Q and I moved into an apartment together just off of Bugrashov Street. We rented it from an apprehensive older Persian couple who were highly suspicious of our work in catering but charmed enough by our love—and my American-ness, I think—to relent. The apartment was clean and light, and just a couple blocks from the beach at Frishman Street, where we would walk on our nights off. The sea relaxed me, and I could sense that my life, riddled by loneliness and a near dangerous degree of dreaming, was starting to fill in.

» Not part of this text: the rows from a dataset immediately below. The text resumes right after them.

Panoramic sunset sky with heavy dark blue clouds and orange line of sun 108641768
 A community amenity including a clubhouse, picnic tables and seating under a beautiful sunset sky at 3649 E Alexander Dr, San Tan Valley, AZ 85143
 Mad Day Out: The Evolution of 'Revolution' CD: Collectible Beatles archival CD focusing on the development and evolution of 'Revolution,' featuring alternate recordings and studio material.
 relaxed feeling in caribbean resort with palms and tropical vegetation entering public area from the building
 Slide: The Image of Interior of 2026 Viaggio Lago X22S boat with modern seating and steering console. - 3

Growing up, conversation centered on newspaper headlines and sometimes books. Q asking me how I felt often drew a blank, not because I had nothing to say, but because I consciously and unconsciously dismissed it as either too serious, too trivial, too obvious, too obscure, or some combination thereof. One night, lying on our mattress on the floor in the dark, the Tel Aviv traffic wooshing by outside, she asked me again, and this time I answered her. I told her I felt like my DNA was waking up, not just in my brain, but in my cells. She held me, and we cried together. It was the most tender moment I'd ever experienced.
Was such an awakening really happening? Could even just the idea of immortality be altering my inner intelligence? Or was I just in love? It hardly mattered. For the first time in forever, I felt a spark, and the life engine inside me turned over, and this time it started.